Diese politisch fundierte Darstellung ist doppelt legitimiert. Zum einen ist die Produktion dokumentarischer Filme – von den ersten Darstellungen des Kaisers Ende des 19. Jahrhunderts bis zu den über Internet verbreiteten Videoclips gegenwärtiger Politiker – durch die Themen, Vorstellungen und Zwecke der jeweiligen Politik mitbestimmt. Zum anderen haben dokumentarische Filme immer wieder auf sehr unterschiedliche Weise – von der schieren Propaganda bis zu einer scheinobjektiven Darstellung – auf die Politik zurückgewirkt.
In dem materialreichen Überblick fördert Zimmermann immer wieder interessante, mitunter auch verblüffende Erkenntnisse zutage.

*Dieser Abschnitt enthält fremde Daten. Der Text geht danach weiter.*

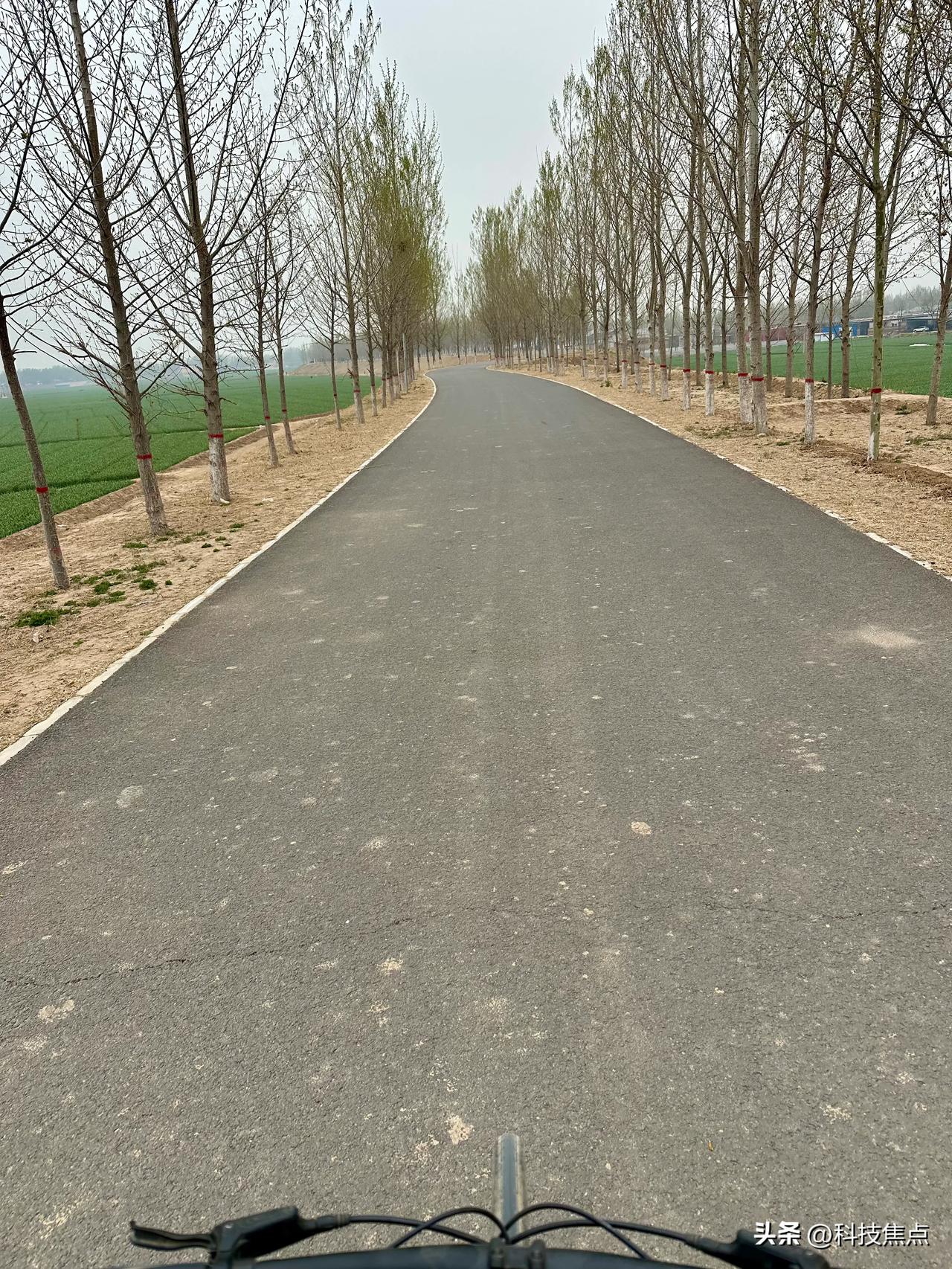 感觉越来越不喜欢发朋友圈了不喜欢发就不发，喜欢发就发，真正关注你的人没几个。。。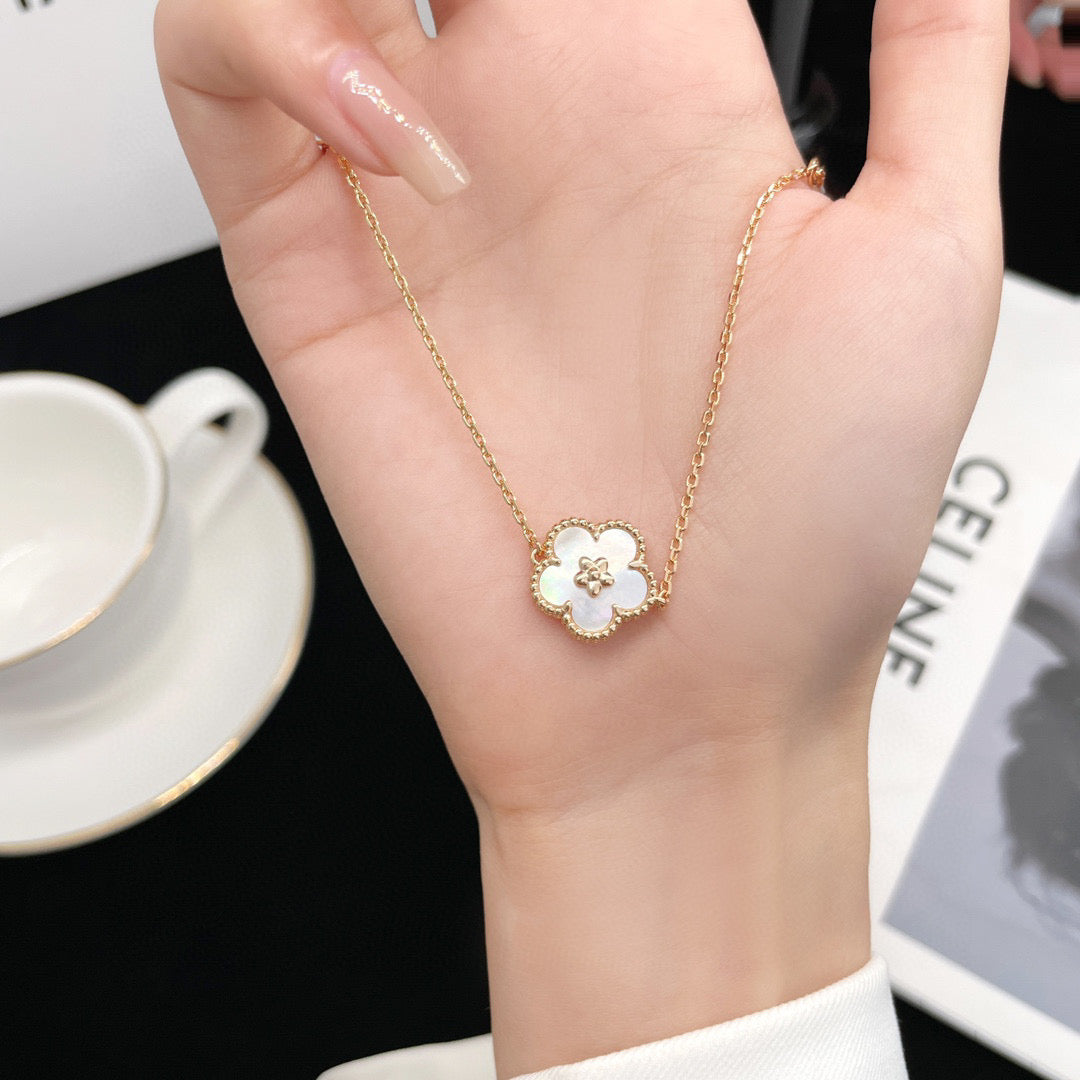 [vivabelle]LUCKY WHITE MOP PLUM BLOSSOM  BRACELET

Etwa wenn es um Verstrickungen in den Nationalsozialismus geht oder darum, wie während der 1950er-Jahre in der Bundesrepublik wie in der DDR die Perspektive der NS-Propagandafilme „gebrochen wurde“.
Wobei diese durch zwei widersprüchliche Betrachtungsweisen ersetzt worden sei, „die zwar beide mehr oder weniger antifaschistisch waren, (aber) die Funktionalisierung dokumentarischer Zwecke für politische Zwecke übernahmen“, so der Autor.
Auch für die nachfolgenden Jahrzehnte bettet Zimmermann plausibel den klassischen Autoren-Dokumentarfilm in die Entwicklungen ein, die dokumentarische Formen im Fernsehen nahmen – vom politischen Magazin-Journalismus der 1960er Jahre bis zu den Spekulationen der Privaten in den Real-Life-Formaten dreißig Jahre später.
So setzt er auch die auf Gesprächen beruhenden Dokumentarfilme in den Zusammenhang dessen, was heute pauschal als „Talkshow“ bezeichnet wird. Verdienstvoll ist auch, wie er die Veränderung von Themen im Laufe der Jahrzehnte nachzeichnet, etwa in den Filmen zur Industriearbeit oder zu ökologischen Problemen und Katastrophen.
Insgesamt wird die Lektüre des Buches durch eine Reihe von Wiederholungen und auch durch einige Fehler beeinträchtigt. Auch muss man nicht jedes Urteil und jede Bewertung Zimmermanns nachvollziehen können. Und dennoch bleibt das neue Buch eine verdienstvolle Arbeit, die man in Zukunft als ein Standardwerk sicher oft in die Hand nimmt.